Elizabeth Lint, executive officer of the Cambridge License Commission, said commission investigators checked out Café Basha on a recent weekend, and found no violation of its license, which requires it to stop serving alcohol to the public by 1 a.m.
“My investigators went there and nobody was there,’’ Lint said in a telephone interview today.
Lint said Café Basha is one of about 250 nightspots in Cambridge with full liquor licenses and that it opened about a year ago when property owner Jack Markarian built it on property he owns on New Street. Pending before the board is a Nov. 24 hearing on a request by Jack Markarian to allow his son, Daniel Markarian, to replace him as full-time manager, Lint said.
Lint said the bar has not been a problem for the regulatory board, and has not been the subject of a citizen complaint of any type, since the Markarians opened Café Basha about a year ago.
“We have no complaints about it.
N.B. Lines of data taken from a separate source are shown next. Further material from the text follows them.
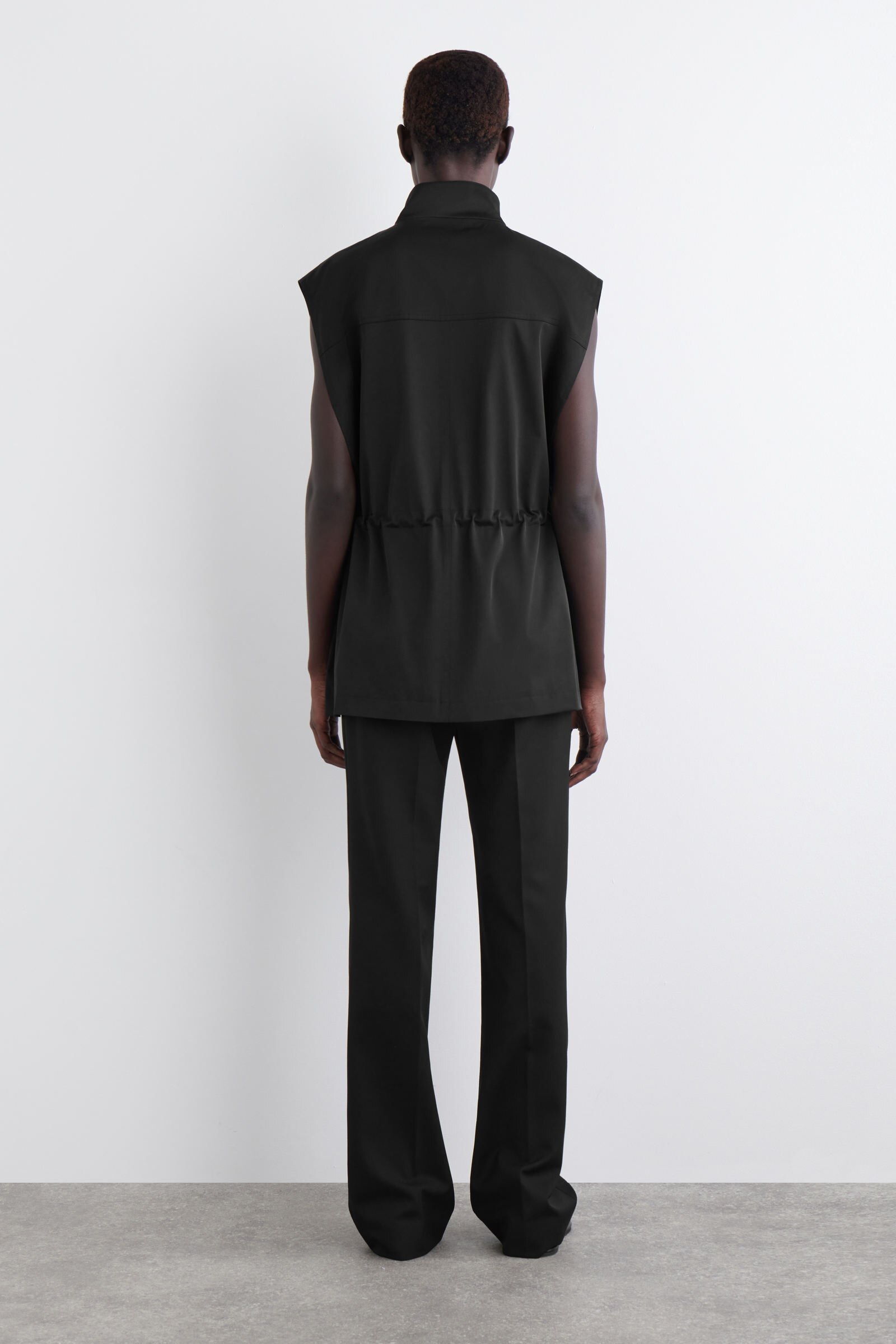 MOCK-NECK UTILITY VEST モックネックユーティリティベスト ブラック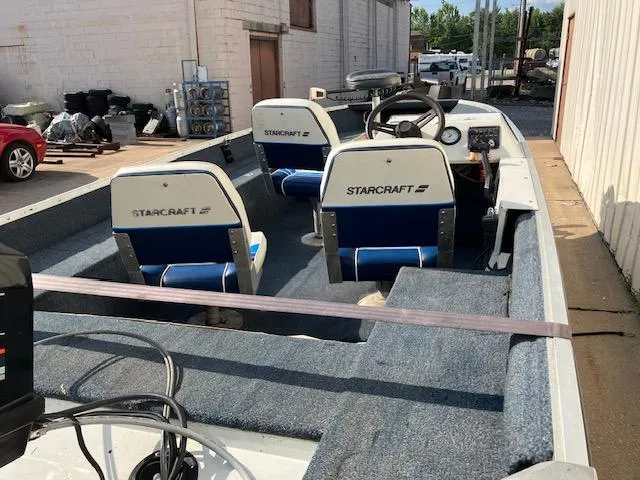 Slide: The Image of 1992 Starcraft FM 160C boat interior with blue and white seating, parked outdoors. - 13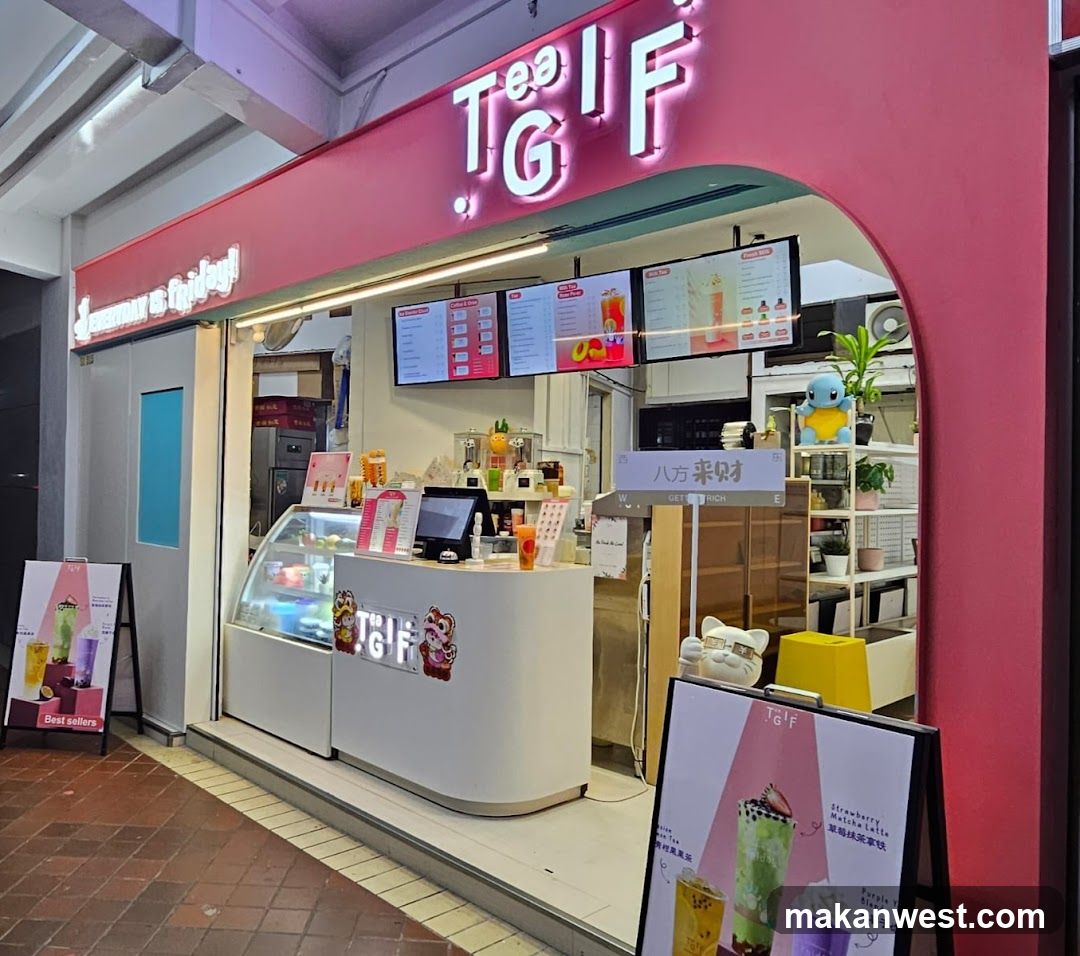 A pink storefront with illuminated 'TEA IF' signage above an arched entrance. Inside, a white counter displays drink samples and menu boards on the wall showing colorful beverages. A yellow stool sits near shelves holding plants and decor. Outside signs advertise green tea drinks.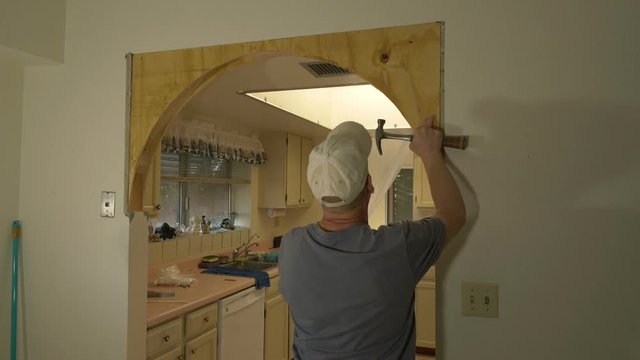 A carpenter framing an arch on a remodel job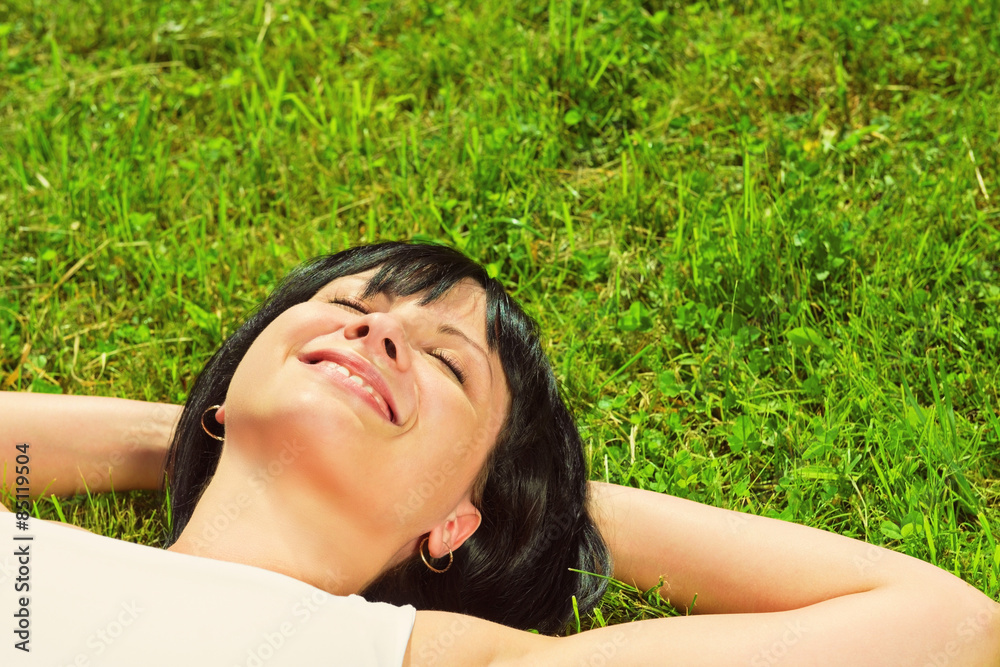 Beautiful happy young woman lying on the grass Beautiful happy young woman lying on the grass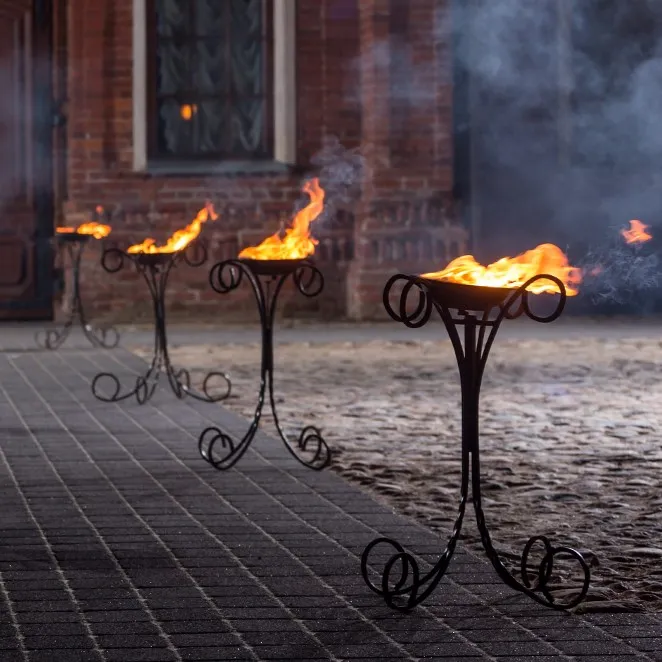 Fire stands glowing through mist along a path by a historic building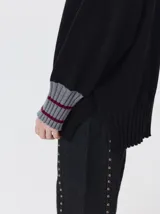 Pullover de cuello tortuga color marrón, de corte holgado y diseño básico. Presenta puños acanalados en contraste de color bordó con líneas horizontales celestes.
We have no after-hour issues,’’ said Lint. “It’s been quiet. It’s just, to us, kind of there.’’
On the evening of Oct. 4 on Garden Street in Cambridge, Galluccio hit the rear of the minivan with a family of four inside. The 42-year-old Cambridge resident hit the family's car at 5:30 p.m. with enough force that he left an imprint of his license plate on their van, which helped police track and cite him with leaving the scene of an accident.
"It was very poor judgment, and I have to accept responsibility for it," Galluccio, a former Cambridge mayor and city councilor, said in a nine-minute interview at his State House office last month after the crash.
The senator has had repeated driving problems, including at least two previous accidents involving alcohol.